Items from a dataset:
+ + +

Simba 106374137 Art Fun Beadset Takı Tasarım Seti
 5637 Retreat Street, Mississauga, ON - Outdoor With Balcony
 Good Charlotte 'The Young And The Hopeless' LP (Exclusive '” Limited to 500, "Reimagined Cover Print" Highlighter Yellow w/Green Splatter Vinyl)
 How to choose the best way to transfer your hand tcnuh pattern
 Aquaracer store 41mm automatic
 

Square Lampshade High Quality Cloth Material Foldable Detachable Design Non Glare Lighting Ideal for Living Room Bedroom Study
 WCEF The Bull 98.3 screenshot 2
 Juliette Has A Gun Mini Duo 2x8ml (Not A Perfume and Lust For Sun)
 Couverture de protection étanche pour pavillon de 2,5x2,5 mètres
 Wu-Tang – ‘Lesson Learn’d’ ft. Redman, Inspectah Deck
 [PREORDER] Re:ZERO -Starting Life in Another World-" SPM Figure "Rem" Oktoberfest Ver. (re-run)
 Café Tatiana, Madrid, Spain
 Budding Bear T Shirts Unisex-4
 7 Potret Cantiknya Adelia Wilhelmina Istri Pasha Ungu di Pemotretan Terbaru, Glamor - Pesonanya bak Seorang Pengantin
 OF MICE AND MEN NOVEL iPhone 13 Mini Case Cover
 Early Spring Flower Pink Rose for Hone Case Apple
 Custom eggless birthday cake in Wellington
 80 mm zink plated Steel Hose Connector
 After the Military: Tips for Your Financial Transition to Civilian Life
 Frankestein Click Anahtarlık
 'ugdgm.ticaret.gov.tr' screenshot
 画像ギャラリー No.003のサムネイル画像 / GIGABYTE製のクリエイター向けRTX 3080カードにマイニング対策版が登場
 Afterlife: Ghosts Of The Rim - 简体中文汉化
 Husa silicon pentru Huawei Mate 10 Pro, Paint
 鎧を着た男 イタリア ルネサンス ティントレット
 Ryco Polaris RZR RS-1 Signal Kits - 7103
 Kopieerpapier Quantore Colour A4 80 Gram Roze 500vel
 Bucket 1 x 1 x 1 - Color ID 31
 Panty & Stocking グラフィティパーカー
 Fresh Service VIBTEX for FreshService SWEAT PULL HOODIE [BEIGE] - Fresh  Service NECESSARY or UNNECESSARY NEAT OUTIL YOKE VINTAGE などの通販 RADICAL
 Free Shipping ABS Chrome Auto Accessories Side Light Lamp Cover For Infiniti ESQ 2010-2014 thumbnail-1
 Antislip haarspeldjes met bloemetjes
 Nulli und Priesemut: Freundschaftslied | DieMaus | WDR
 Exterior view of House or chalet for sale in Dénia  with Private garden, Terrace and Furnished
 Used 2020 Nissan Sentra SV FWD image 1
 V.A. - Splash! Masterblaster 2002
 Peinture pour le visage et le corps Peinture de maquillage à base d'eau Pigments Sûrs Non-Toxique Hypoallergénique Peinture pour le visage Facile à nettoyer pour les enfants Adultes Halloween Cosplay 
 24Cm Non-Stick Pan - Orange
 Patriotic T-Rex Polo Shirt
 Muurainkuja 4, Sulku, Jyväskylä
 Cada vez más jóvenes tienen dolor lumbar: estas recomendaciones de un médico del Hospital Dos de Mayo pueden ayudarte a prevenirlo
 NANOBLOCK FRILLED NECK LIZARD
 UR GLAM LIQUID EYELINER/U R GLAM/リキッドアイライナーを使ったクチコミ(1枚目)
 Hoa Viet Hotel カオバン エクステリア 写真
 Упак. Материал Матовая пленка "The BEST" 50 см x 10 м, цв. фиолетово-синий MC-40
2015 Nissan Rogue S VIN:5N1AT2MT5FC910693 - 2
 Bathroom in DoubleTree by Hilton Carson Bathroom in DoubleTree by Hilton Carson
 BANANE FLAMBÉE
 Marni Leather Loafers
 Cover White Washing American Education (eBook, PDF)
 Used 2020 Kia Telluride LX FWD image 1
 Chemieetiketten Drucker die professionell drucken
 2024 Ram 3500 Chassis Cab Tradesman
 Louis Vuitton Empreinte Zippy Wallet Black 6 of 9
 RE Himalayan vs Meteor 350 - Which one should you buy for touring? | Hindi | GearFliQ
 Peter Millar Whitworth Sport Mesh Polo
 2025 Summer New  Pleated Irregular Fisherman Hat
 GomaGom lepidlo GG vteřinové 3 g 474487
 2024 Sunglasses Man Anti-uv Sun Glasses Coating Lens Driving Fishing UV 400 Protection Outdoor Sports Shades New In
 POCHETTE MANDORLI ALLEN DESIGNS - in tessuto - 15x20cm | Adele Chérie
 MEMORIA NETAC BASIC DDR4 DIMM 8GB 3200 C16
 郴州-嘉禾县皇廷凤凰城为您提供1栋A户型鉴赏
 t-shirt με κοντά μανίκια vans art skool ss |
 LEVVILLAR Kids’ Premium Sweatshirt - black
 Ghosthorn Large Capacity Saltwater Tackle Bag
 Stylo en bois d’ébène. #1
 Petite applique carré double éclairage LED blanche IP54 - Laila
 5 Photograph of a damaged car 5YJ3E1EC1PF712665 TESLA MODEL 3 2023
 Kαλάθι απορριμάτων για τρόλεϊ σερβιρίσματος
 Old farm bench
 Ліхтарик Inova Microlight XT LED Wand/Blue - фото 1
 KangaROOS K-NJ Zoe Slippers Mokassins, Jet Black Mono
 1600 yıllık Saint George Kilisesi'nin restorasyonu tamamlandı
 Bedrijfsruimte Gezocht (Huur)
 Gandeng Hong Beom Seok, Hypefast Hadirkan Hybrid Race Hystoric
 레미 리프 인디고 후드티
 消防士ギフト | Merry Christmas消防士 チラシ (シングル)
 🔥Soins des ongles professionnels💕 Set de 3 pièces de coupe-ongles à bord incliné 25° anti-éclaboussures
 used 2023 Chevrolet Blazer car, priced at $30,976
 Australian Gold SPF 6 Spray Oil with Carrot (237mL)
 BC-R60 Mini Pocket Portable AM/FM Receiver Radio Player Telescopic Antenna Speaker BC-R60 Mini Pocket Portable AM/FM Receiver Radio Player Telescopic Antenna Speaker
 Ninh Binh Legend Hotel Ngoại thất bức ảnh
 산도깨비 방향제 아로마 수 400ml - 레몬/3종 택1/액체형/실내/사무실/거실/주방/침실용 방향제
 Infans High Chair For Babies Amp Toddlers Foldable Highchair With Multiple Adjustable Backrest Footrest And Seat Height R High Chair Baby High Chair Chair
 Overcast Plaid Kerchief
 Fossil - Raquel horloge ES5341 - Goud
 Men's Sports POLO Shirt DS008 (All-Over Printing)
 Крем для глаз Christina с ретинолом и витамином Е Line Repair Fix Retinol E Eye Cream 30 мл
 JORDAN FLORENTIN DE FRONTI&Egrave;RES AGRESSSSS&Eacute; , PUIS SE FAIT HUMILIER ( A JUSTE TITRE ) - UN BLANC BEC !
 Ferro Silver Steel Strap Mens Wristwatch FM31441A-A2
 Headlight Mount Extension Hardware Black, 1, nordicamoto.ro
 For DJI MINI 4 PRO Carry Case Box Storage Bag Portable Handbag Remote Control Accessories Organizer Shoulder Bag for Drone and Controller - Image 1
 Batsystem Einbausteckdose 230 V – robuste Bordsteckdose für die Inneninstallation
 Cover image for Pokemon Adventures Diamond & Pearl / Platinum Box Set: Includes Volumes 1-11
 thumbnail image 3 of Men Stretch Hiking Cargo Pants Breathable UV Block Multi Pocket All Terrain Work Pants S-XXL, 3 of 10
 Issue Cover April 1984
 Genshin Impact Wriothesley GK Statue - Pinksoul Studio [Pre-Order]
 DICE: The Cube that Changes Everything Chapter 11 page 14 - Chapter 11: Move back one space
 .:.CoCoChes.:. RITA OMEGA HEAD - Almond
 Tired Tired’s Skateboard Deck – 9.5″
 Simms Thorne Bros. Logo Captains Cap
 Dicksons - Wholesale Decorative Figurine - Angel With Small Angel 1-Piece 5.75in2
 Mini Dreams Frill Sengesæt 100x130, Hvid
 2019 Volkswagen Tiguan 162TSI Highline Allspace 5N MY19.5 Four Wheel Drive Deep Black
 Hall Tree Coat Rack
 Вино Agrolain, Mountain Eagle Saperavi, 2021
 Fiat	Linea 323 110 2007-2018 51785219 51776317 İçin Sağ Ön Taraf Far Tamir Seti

+ + +

▶ **Problem description**
Would you output, from the records above, exactly the run of lines that starts at the line containing "Fossil - Raquel horloge ES5341 - Goud" and ends at the line containing "Ferro Silver Steel", and only that run?

▶ **Solution to the problem**
 Fossil - Raquel horloge ES5341 - Goud
 Men's Sports POLO Shirt DS008 (All-Over Printing)
 Крем для глаз Christina с ретинолом и витамином Е Line Repair Fix Retinol E Eye Cream 30 мл
 JORDAN FLORENTIN DE FRONTI&Egrave;RES AGRESSSSS&Eacute; , PUIS SE FAIT HUMILIER ( A JUSTE TITRE ) - UN BLANC BEC !
 Ferro Silver Steel Strap Mens Wristwatch FM31441A-A2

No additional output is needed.